PANAMA CITY BEACH — The Bay County Tourist Development Council (TDC) is ready to throw out the first pitch on a project to build more amateur baseball fields in Panama City Beach.
At a meeting Tuesday, the board continued discussions after voting last month to explore public-private partnership opportunities to bring in a minor league baseball team and new sports facilities to the destination.
The board agreed that while a minor league baseball team would be a boon to the destination, they wanted to first focus on growing the capacity to host amateur baseball tournaments in Panama City Beach.
“Everyone is of the opinion that we need to move forward,” said board Chairman Buddy Wilkes. “Somewhere along the way, we can’t wait on minor league baseball.”
Wilkes said about 300 teams were turned down for tournament space at Frank Brown Park in Panama City Beach this summer due to a lack of facilities.
Local attorney William Harrison, who pitched the minor league idea to the TDC last month along with a project for new amateur fields, said the TDC needed to meet with stakeholders to hammer out a list of priorities.

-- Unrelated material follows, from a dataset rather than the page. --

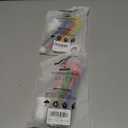 2 x UV Protection Phone Umbrella for Sun,Universal Adjustable Piggy Suction Cup Phone Stand Umbrella,Sun Shade (Colorful-Random Color)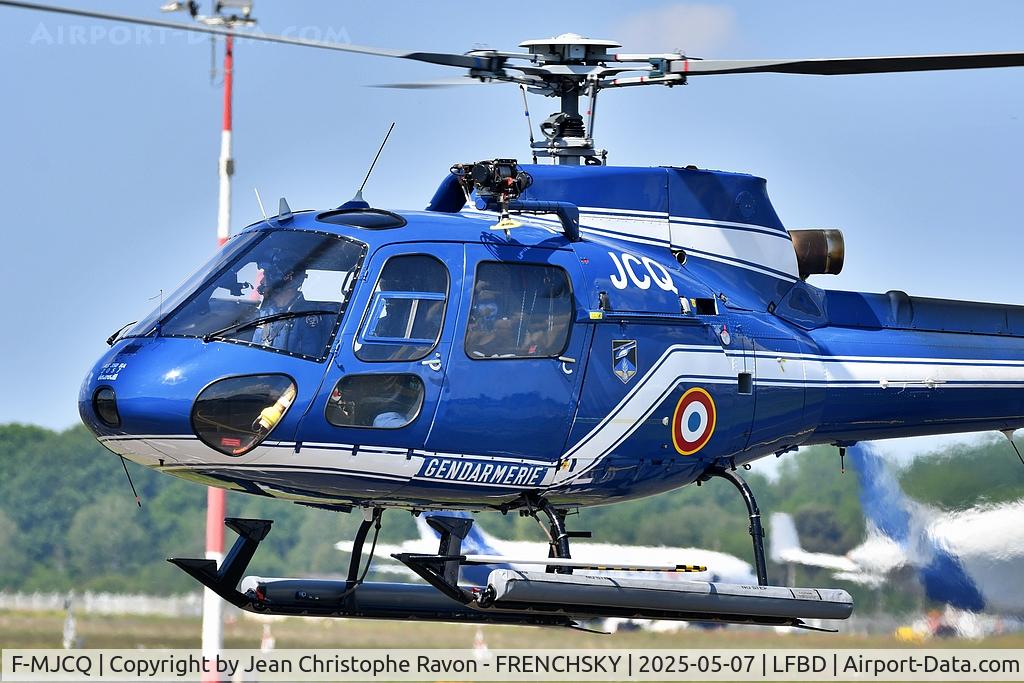 F-MJCQ, Aérospatiale AS-350 BA Ecureuil C/N 2057, France Gendarmerie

Harrison is part of a six-member group of investors called Doré Energy Group, backed primarily by wealthy Louisiana energy executive William J. Doré. The group has been researching the project’s feasibility for the last year and a half.
Doré Energy Group and the TDC also have been in conversation with major Bay County landholder the St. Joe Co. regarding potential partnerships, but St. Joe has not committed to anything.
“There has got to be a concerted effort,” Harrison said. “There’s got to be the time for somebody from this board, from the staff and the landowner to sit down and work through … the priorities.”
Harrison said that while the TDC has been saving money to construct more amateur baseball fields, a full facility would cost more than what they had on hand.
The TDC has $3.4 million set aside for tourism development projects and another $4.3 million from a final settlement with BP.
“What I was trying to propose to you last time … was to see what we could do to create synergy between all those to provide more things than we’ll be able to provide individually,” Harrison said.
With a goal to have more fields by 2015, the TDC agreed to push for a meeting with Doré Energy Group, the St. Joe Co., TDC member Andy Phillips and Panama City Beach City Manager Mario Gisbert.
“The ball fields, for us, they’ve got to come first,” Wilkes said. “If there’s a possibility that minor league baseball can be a part of this somewhere down the road, we want that first piece to be something that’s compatible and lends itself to the other part of it.”
Constructionof a minor league stadium would cost about $30 million for a 4,000-seat facility plus room for 1,500 fans sitting along an outfield berm.
Board member Mike Thomas said if a partnership doesn’t work out, the TDC could spend its money to expand the city’s facilities at Frank Brown Park by adding another “wheel” of fields.
“If we’ve got to build an extra wheel right now, we’ll build an extra wheel,” Thomas said.